Any insights? I think it was tricky and I am still confused!

S1: says 30 students have brown hair and 30 do not have brown hair --> we cannot use it directly to get the probability S2: says 20 students are males and 40 are females --> we cannot use this also directly to find the probability

Together: S1 and S2 we still cannot determine how many of the 20 males students have brown hair So the answer is E

I think the answer should be (C). Please see the following approach and explain the flaw if possible:

I agree that "Male intersection Brown" can be anywhere between 0 and 20. Class is 60. This leads to probability being between 0 and 1/3. But I disagree that we can NOT answer the question. The Answer should be 1/6. If we take the as mentioned by colleagues above, isn't the the entire concept of probability is lost? Also, being male and brown hair are independent. When a person is born, BOTH of these traits are TOTALLY independent of each other.

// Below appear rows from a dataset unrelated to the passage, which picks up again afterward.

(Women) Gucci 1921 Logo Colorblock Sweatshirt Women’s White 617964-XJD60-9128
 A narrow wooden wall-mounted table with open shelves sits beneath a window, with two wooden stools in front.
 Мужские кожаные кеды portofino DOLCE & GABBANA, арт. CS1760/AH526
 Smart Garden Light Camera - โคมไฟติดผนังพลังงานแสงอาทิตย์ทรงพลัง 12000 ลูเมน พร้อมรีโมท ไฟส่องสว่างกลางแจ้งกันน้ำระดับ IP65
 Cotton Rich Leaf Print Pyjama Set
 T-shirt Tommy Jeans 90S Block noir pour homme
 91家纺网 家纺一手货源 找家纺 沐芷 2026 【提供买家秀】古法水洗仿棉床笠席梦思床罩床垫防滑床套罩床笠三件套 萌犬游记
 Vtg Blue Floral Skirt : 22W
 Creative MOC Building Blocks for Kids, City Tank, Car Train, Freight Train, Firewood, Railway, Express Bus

Probability is a concept. Not a certainty, or a guarantee. It is only a likelihood. Let me try and explain what I am saying. Lets take a simple standard question for which there is no confusion. # What is the Prob of getting all heads if I toss a coin 3 times. Ans: We take sample space where we have 8 options. Favourable is 1. Answer is that probability is 1/8.

This means 1 out of 8 try's shall give us 1 success (3 Heads).

NOW

If I toss a coin 40 times can we say WE SHALL DEFINITELY GET 5 SUCCESSES ?

Obviously NO. But possible & likely.

If I toss a coin 40 times can we say WE SHALL DEFINITELY GET 0 SUCCESSES ?

Obviously NO. But possible.

If I toss a coin 40 times can we say WE SHALL DEFINITELY GET 40 SUCCESSES ?

Obviously NO. But possible.

So do we conclude that probability can be anywhere between 0 and 1. As such, we do not have enough data to answer the question ? But, We say the probability is 1/8

I think we need to approach the Q39 in same way.

Any insights to refute/question my thinking process will be highly appreciated!

What is the probability that a student randomly selected from a class of 60 students will be a male who has brown hair?

(1) One-half of the students have brown hair. (2) One-third of the students are males.

In the original condition, the question is frequently given in the Gmat Math test, which is "2 by 2" que like the table below.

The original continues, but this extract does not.